ELF
Christopher war ausnahmsweise sogar mal richtig
wach und begrüßte mich mit einem Lächeln. »Wie geht’s?«, meinte
er.
»Och«, setzte ich an und dachte bei mir: Lächle
jetzt bloß nicht zurück, Em Watts, so gern du das auch tun würdest.
Klar bist du unglaublich scharf auf ihn und sein Lächeln bringt
dich total aus der Fassung, aber lass es! Er führt nichts Gutes im
Schilde! Und selbst wenn das anders wäre, er steht einfach nicht
auf dich! Na gut, tut er schon, aber nicht auf dein wirkliches Ich.
Sondern auf dein totes Ich.
Und das ist einfach nicht richtig. Genauso
falsch wie das, was er und sein Cousin vorhaben. Okay?
Doch bevor ich noch irgendetwas zu Christopher
sagen konnte, lehnte sich schon Whitney Robertson, die am Tisch
neben ihm saß, zu mir vor und flüsterte: »Oh mein Gott, ist das Top
da von Temperley? Das ist ja total süß.«
»Wie war dein Wochenende?« Jetzt hatte sich auch
noch ein Mädchen aus Whitneys Gefolgschaft neugierig vorgebeugt,
Lindsey Jacobs, die in der Reihe neben ihr saß. »Ich hab im
Internet gelesen, dass du mit Brandon Stark auf Saint John
warst.«
Es gab bereits Fotos von unserer Reise im Internet?
Na toll.
Wenn da welche dabei waren, auf denen ich wild mit Brandon
rumknutsche, dann bring ich jemanden um, aber echt.
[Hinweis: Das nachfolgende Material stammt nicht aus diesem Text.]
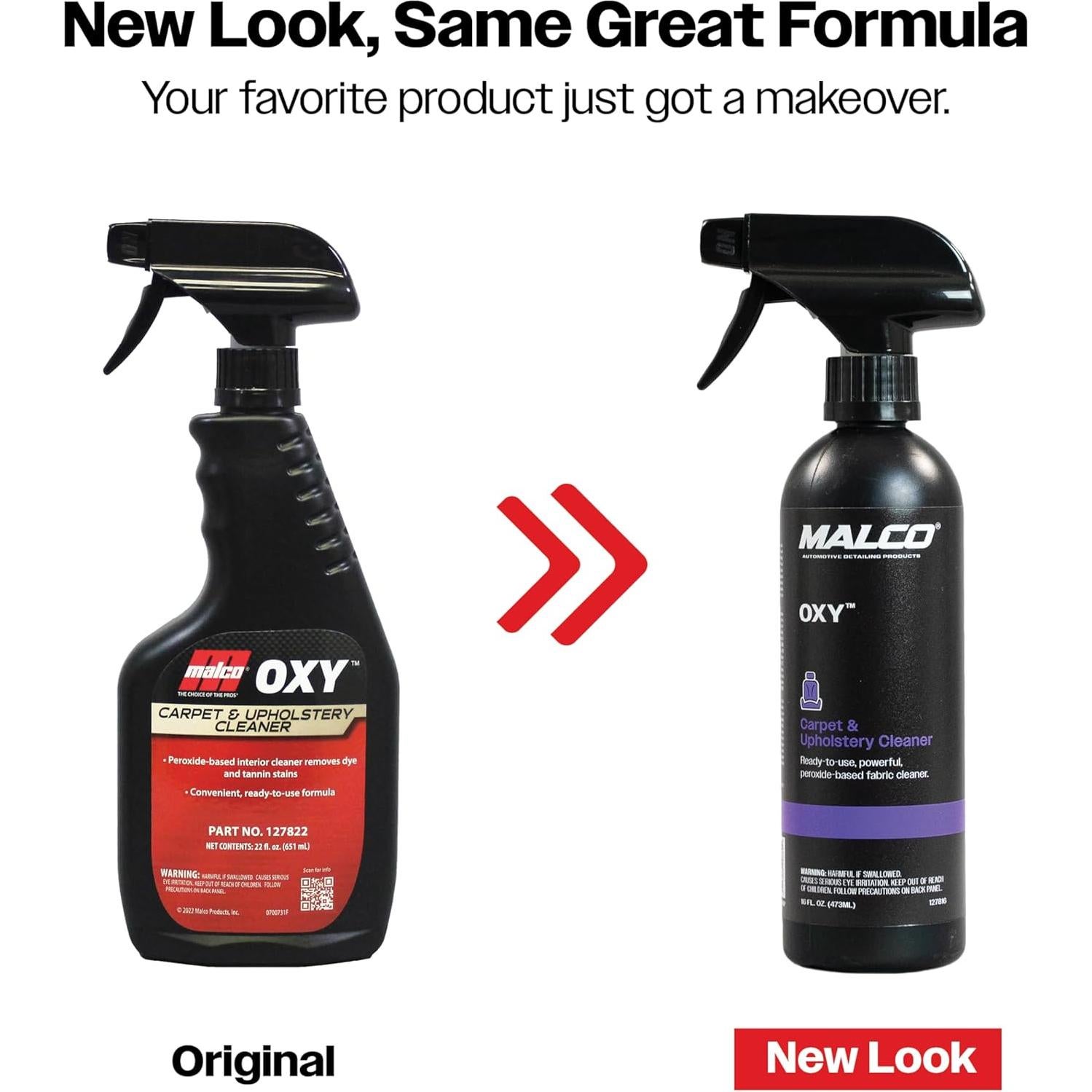 Malco OXY Limpiador de Alfombras 473 ml - Spray Quitamanchas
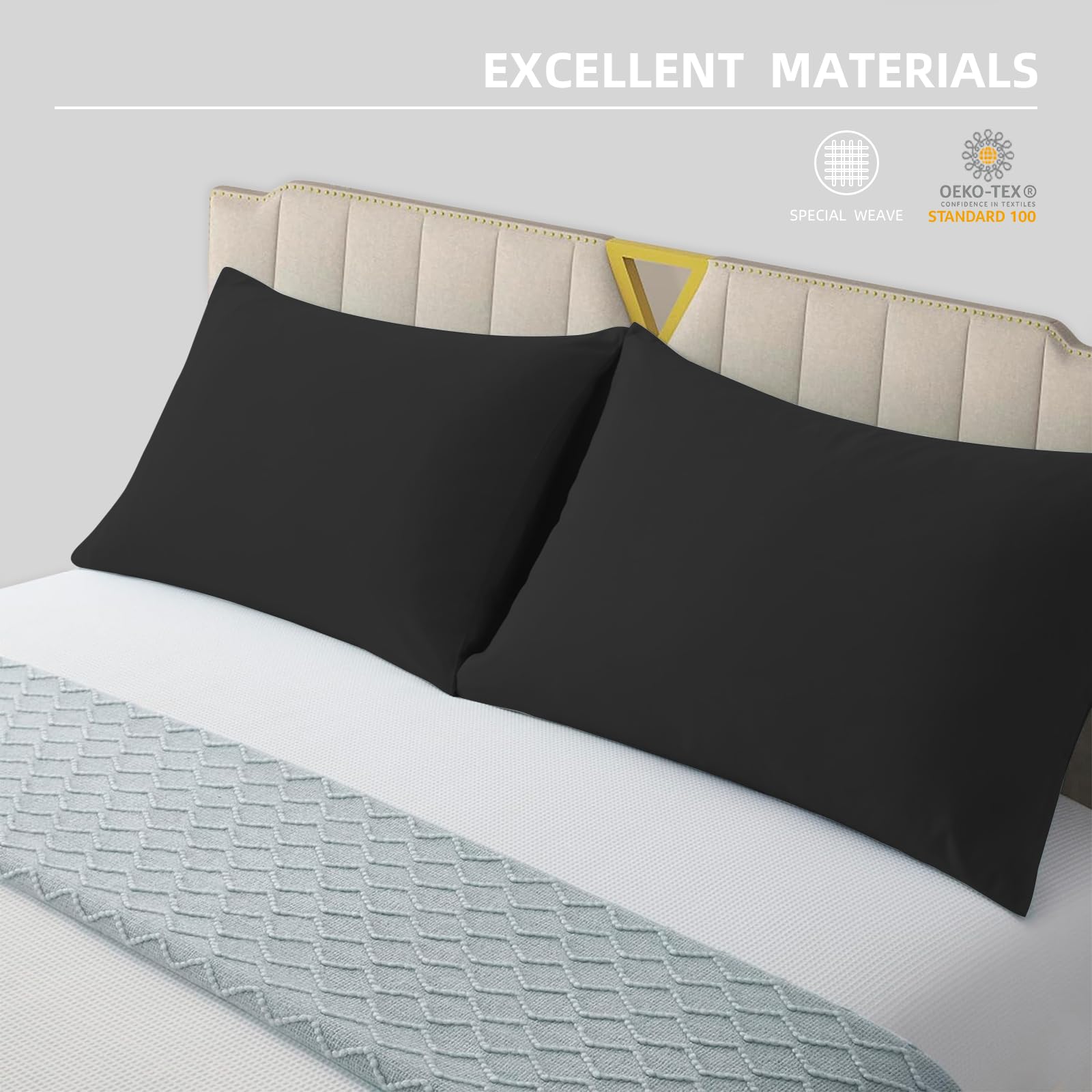 Federe Cuscino Matrimoniali 50x70 Cm 2 Pezzi - Cotone Premium 110GSM, Oeko-TEX, Ipoallergeniche - Foto 9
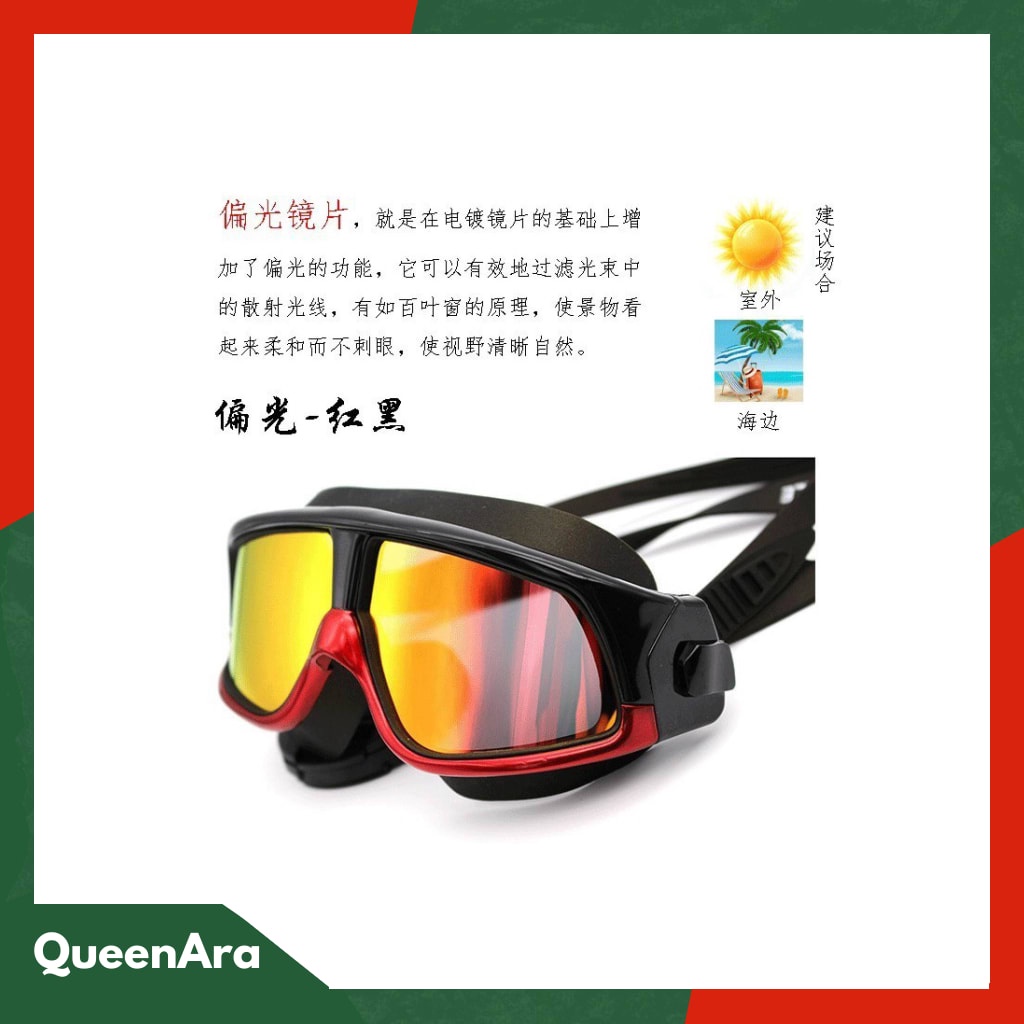 TaffSPORT Kacamata Renang Polarizing Anti Fog UV Protection - GOG-361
»Das muss ja unglaublich gewesen sein!«, fuhr
Lindsey fort. »Ich würde alles geben, wenn ich ein paar Tage hier
rauskönnte, so beschissen wie das Wetter ist. Und dann auch noch
mit Brandon Stark! Der ist ja so süß. Wie hast du es bloß
geschafft, überhaupt wieder zurückzukommen? Ich hätte mich lieber
umgebracht.«
Sie hatte ja keine Ahnung.
»Ladys.« Mr Greer schlug einen höhnischen Ton an.
»Es tut mir ja so leid, Sie unterbrechen zu müssen. Doch einige von
Ihnen erinnern sich vielleicht noch, dass wir bereits die letzte
Woche im Schulhalbjahr haben und wir uns noch vor den
Weihnachtsferien die letzten mündlichen Vorträge anhören wollen,
die, wie Sie alle wissen, ein Viertel Ihrer Gesamtnote
ausmachen.«
Ich stöhnte innerlich auf. Darauf war ich absolut
nicht vorbereitet. Schon bald wäre ich an der Reihe mit meinem
Vortrag, und ich hatte mich noch keine Sekunde damit beschäftigt,
weil bisher einfach nicht die Zeit dafür gewesen war. Als ich
gestern Abend von Christopher nach Hause kam, hatte ich völlig
überraschend Lulu angetroffen, die sich um diese Zeit normalerweise
mit ihren Freunden auf irgendwelchen Partys rumtrieb. Jetzt aber
stand sie in der Küche und kochte ausgerechnet Coq au vin.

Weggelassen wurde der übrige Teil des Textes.